With “The Traffic Circle,” the artist shifts the attention from his own difficult past to his nation’s somewhat uncertain present. Dominating Sa Sa Bassac’s white cube space was Svay’s three-meter-high, pyramid-shaped structure adorned with a clutter of blue plastic pipes. The Traffic Circle (2012) speaks of messy collisions between past and present, power and poverty, and the real and imagined. The notion of power is carefully implied in the shape of the pyramid, which recalls diagrams often used to explain certain hierarchies of government and other organizations. In inviting visitors to circumnavigate this towering, absurd object, Svay is seemingly satirizing the veneration that coercive power can demand. The piped pyramid sits atop four rickety steps of salvaged wood, worn away by the touch of anonymous, forgotten generations. Just as Svay finds residues of his painful childhood in his current life, the artist locates many traces of Cambodia’s conflicted history beneath the country’s current cultural, political and economic dynamics.

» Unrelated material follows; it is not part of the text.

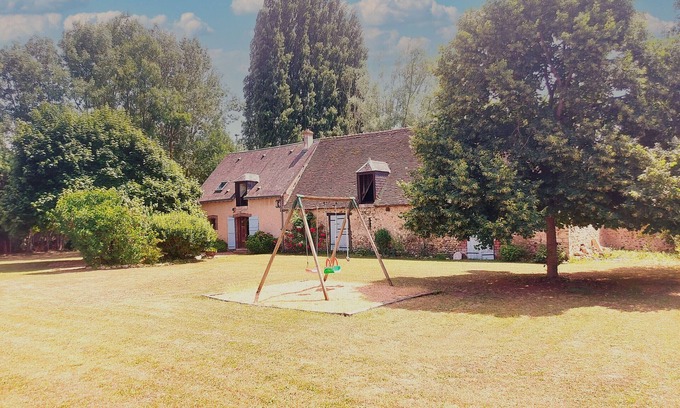 Chateaudun Cottage | Charming Farmhouse Retreat: Fireplace, Large Courtyard, Pet-Friendly, Near Paris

Alongside the sculpture hangs a digital print, in which the artist superimposes an image of his pyramid sculpture over Phnom Penh’s Independence Monument. This 1958 landmark was erected in celebration of the end of the French Protectorate rule, but today is rivaled in stature by long-reigning prime minister Hun Sen’s ostentatiously oversized residence, which overlooks the monument. Designed by Vann Molyvann, the monument is a lotus-shaped stupa adorned with mythical nagas (snake-like deities of Hinduism and Buddhism), like those seen at the Angkor Wat temple. In his sculpture, Svay switches the sacred nagas—traditionally held to possess protective powers—for profane pipes that are often used to ferry sewage waste. Looking at the installation, a common local expression comes to mind. “Do you have a tube?” in the Khmer language is a phrase used to slyly seek connection to power and authority. As in many developing and post-conflict societies, establishing such ties can be all-important in navigating life in Cambodia. Within these circumstances, Svay sees an unsteady foundation set by the nation’s history, which seems to overshadow contemporary society.
Svay’s practice has shifted from performances addressing the artist’s past to installations focused emphatically on the present. Confirming Svay’s standing among the country’s artists today, his works illuminate the untidy ties between what has passed and what still remains in Cambodian society.